> **Your goal**:
How many lines in the records below contain the string "Baby"? Answer with the number alone.

Excerpts from a dataset:
—————

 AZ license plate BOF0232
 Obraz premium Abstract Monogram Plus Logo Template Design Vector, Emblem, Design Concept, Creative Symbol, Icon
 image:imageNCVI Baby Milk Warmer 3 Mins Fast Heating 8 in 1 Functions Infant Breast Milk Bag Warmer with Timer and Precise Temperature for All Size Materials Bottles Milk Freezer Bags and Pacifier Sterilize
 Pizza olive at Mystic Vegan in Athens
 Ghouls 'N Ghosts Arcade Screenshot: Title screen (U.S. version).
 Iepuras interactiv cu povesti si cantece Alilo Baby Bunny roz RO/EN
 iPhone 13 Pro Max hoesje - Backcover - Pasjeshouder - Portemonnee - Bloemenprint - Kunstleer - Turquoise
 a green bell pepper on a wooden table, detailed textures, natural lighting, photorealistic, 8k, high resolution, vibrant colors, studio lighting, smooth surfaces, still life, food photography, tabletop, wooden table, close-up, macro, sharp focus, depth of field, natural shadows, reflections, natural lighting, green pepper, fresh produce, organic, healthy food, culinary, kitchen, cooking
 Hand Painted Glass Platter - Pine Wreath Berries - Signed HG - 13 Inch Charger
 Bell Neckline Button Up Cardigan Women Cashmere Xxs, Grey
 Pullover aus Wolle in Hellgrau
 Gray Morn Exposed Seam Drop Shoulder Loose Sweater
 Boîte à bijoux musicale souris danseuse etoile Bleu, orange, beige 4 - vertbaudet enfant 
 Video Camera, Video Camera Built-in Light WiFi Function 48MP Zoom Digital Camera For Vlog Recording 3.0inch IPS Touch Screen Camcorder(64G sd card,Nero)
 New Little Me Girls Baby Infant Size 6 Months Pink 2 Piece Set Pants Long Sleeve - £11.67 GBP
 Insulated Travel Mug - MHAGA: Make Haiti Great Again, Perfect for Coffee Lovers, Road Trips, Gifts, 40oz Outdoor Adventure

—————

> **Finished exercise**:
3